■ **Work to complete**: Return the records exactly as they stand, and keep the pictures out of the copy.

Brief descriptive captions
+++++

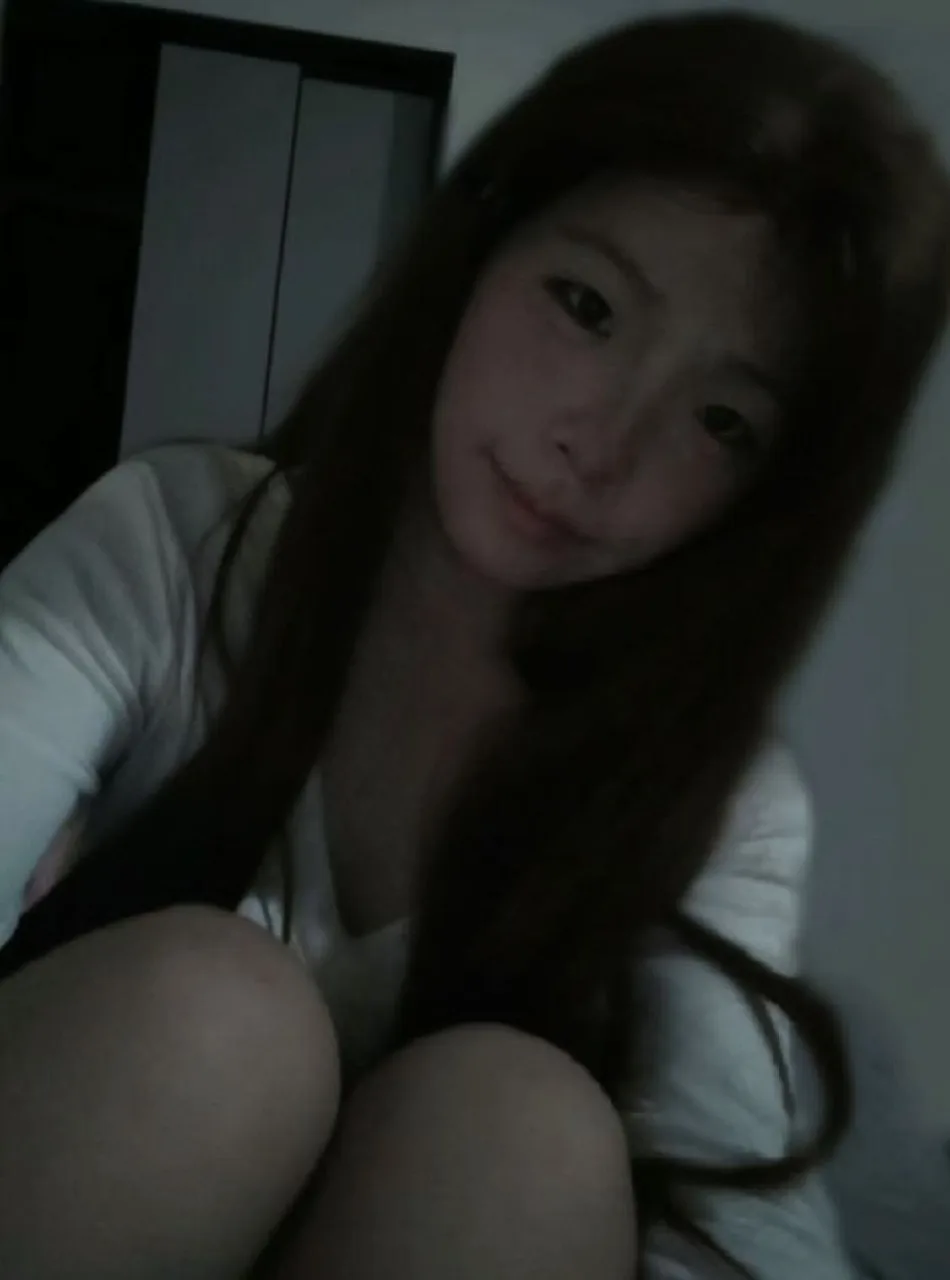验证视频封面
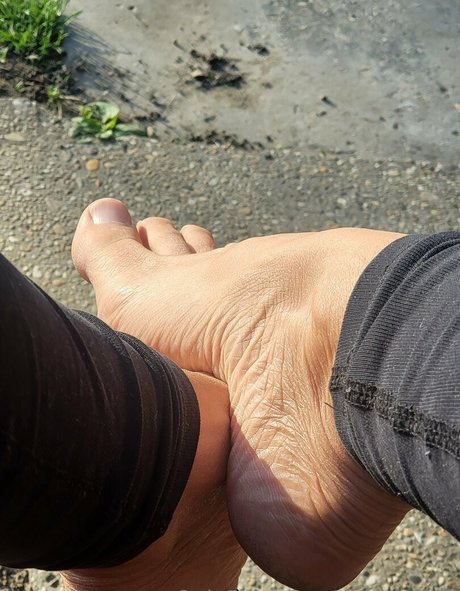 nykolerotic nice actress archive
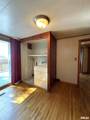 312 Yates Street - Photo 19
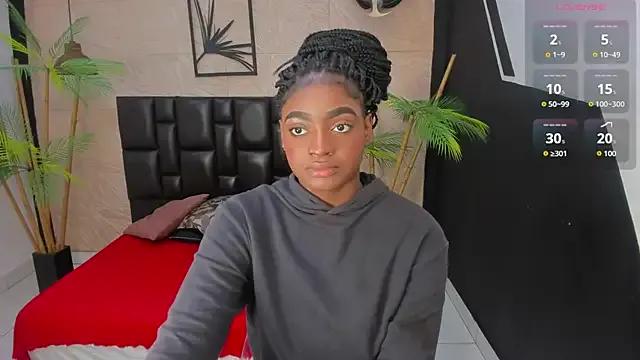 Avatar of alana_bonny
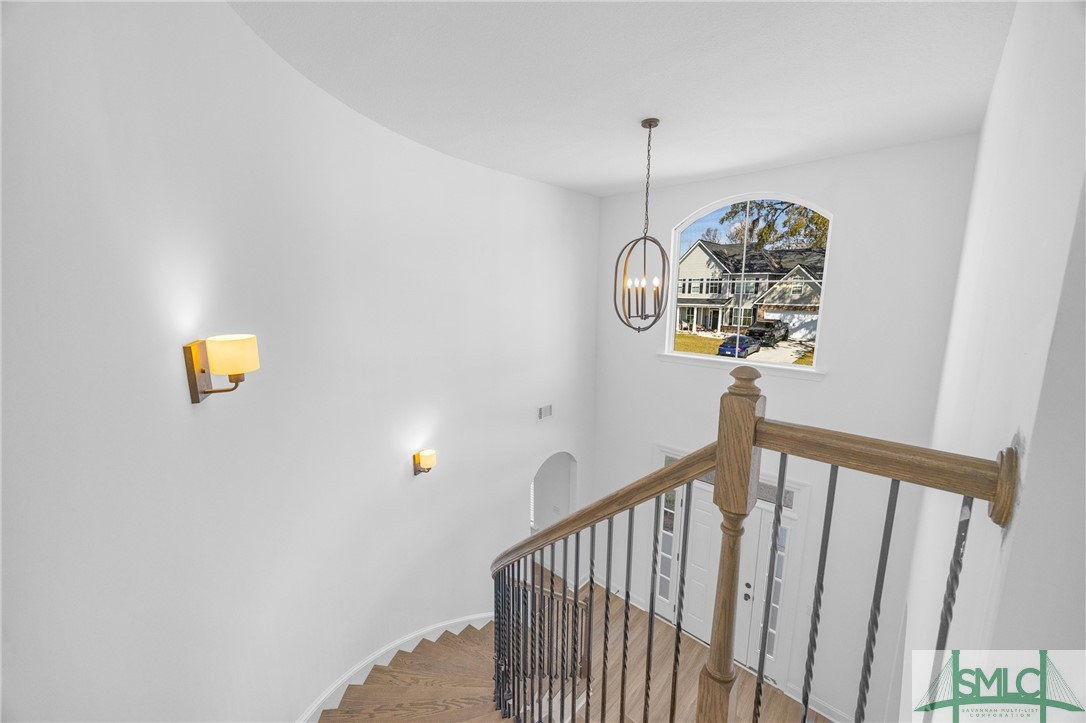 17 Belvedere Drive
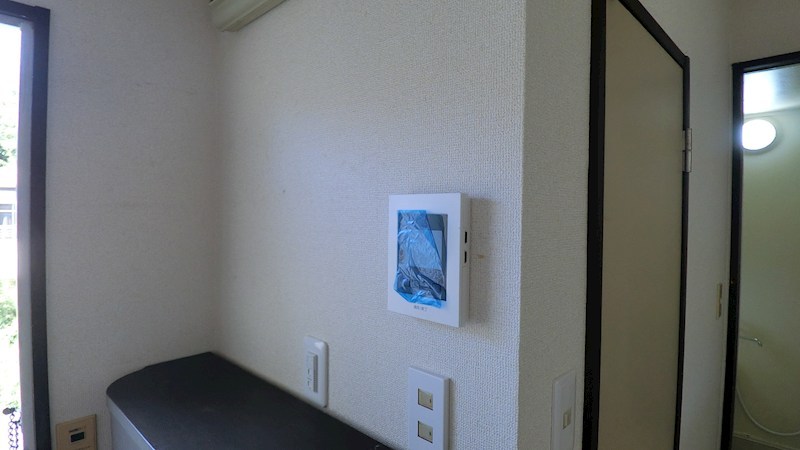 インセンス馬堀町 その他2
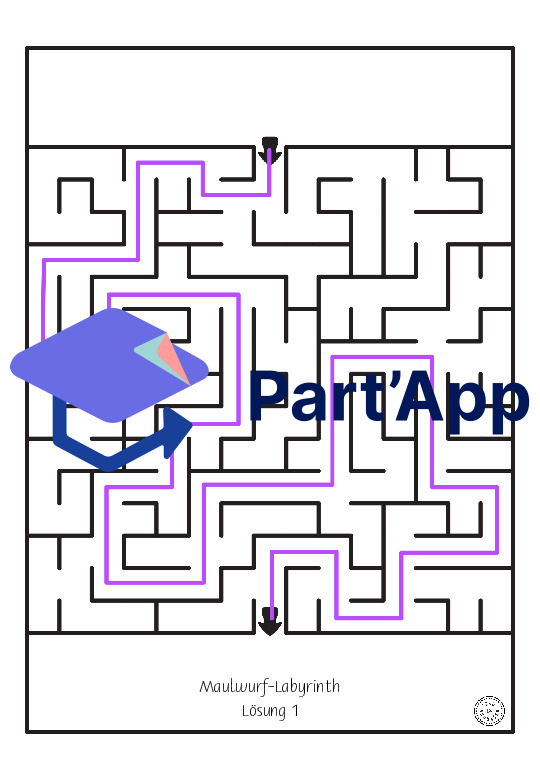 Labyrinthe de la taupe_11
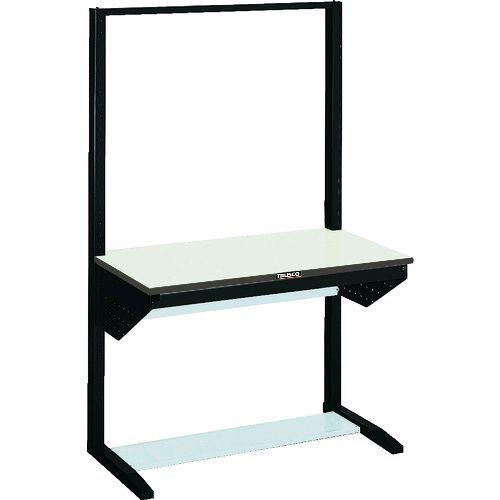 Jm 直送 業務 産業用 代引不可 他メーカー同梱不可 Idecaのjm 陳列 ライン作業台片面間口１２００型ｕｌｒｔ ｆ１２００ ポイント10倍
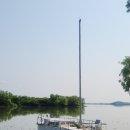 배들농장2 이미지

+++++

■ **Reply to the task**:
验证视频封面
 nykolerotic nice actress archive
 312 Yates Street - Photo 19
 Avatar of alana_bonny
 17 Belvedere Drive
 インセンス馬堀町 その他2
 Labyrinthe de la taupe_11
 Jm 直送 業務 産業用 代引不可 他メーカー同梱不可 Idecaのjm 陳列 ライン作業台片面間口１２００型ｕｌｒｔ ｆ１２００ ポイント10倍
 배들농장2 이미지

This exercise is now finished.